Jael et Sisera, v. 1620 (photo Artbible.info)
« Qui pourrait penser que sous un drap étudié de candeurs et d’ombres glacées dignes d’un Vermeer grandeur nature, pouvait se dérouler une boucherie aussi brutale et atroce [...] ? Mais avons-nous envie de dire -mais cette femme est terrible ! Une femme a peint ça ?-, qu’il n’ y a ici rien de sadique, qu’au contraire, ce qui surprend, c’est l’impassibilité féroce de qui a peint tout cela et a même réussi à vérifier que le sang giclant avec violence peut orner le jet central d’un vol de gouttes sur les deux bords ! Incroyable, vous dis-je ! Et puis s’il vous plaît laissez à la Signora Schiattesi ...“c’est le nom d’épouse d’Artemisia ...“ le temps de choisir la garde de l’épée qui doit servir à la besogne ! Enfin ne vous semble-t-il pas que l’unique mouvement de Judith est de s’écarter le plus possible pour que le sang ne lui salisse pas son tout nouveau vêtement de soie jaune ? N’oublions pas qu’il s’agit d’un habit de la maison Gentileschi, la plus fine garde-robe de soie du XVIIe européen, après Van Dyck ? »

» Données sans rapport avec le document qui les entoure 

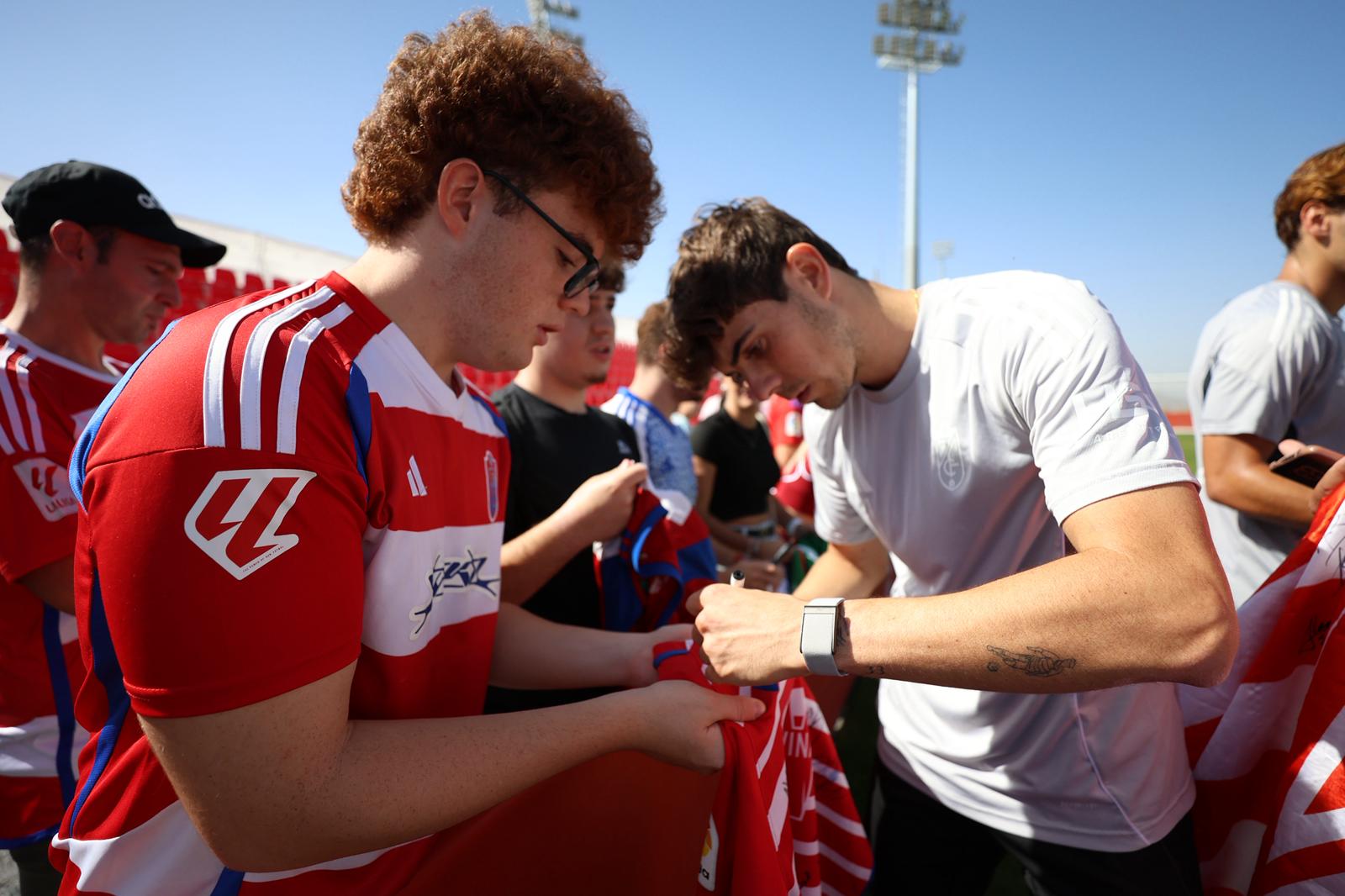 El Granada reúne a 400 personas en su entrenamiento a puerta abierta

Roberto Longhi, « Gentileschi père et fille », 1916
Artemisia Gentileschi (1593-1652)
Fille d’un peintre romain, Artemisia donne très jeune les preuves d’un grand talent artistique. Elle travaille dans l’atelier lorsqu’il est vide et aide son père ; malgré ces mesures de protection, elle est violée par le plus proche collaborateur de son père. Un procès traumatisant est mené : déclarations en public et tortures sont infligées à la jeune fille. Mariée à un peintre florentin, l’artiste quitte Rome et se lance dans une carrière de peintre : elle exerce à Venise, Rome, Florence, Londres et Naples, bénéficiant de la protection des grands comme Cosme II ou Charles Ier d’Angleterre.

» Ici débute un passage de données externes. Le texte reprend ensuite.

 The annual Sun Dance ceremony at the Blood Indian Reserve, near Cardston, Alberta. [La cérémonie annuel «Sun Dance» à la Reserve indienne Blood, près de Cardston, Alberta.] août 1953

Sa peinture est particulièrement frappante : influencée par Caravage puis Simon Vouet, Gentileschi met en scène avec un sens aigu de l’art dramatique des sujets mythologiques ou religieux, maîtrisant parfaitement le clair-obscur, la brillance des couleurs comme le jaune ; elle anime ses personnages d’expression parfois d’une grande violence, mais elle sait également rendre la douceur d’un visage de Madone ou la sensibilité d’une Madeleine pénitente. Portraits et autoportraits remportent un grand succès et lui assurent des revenus réguliers.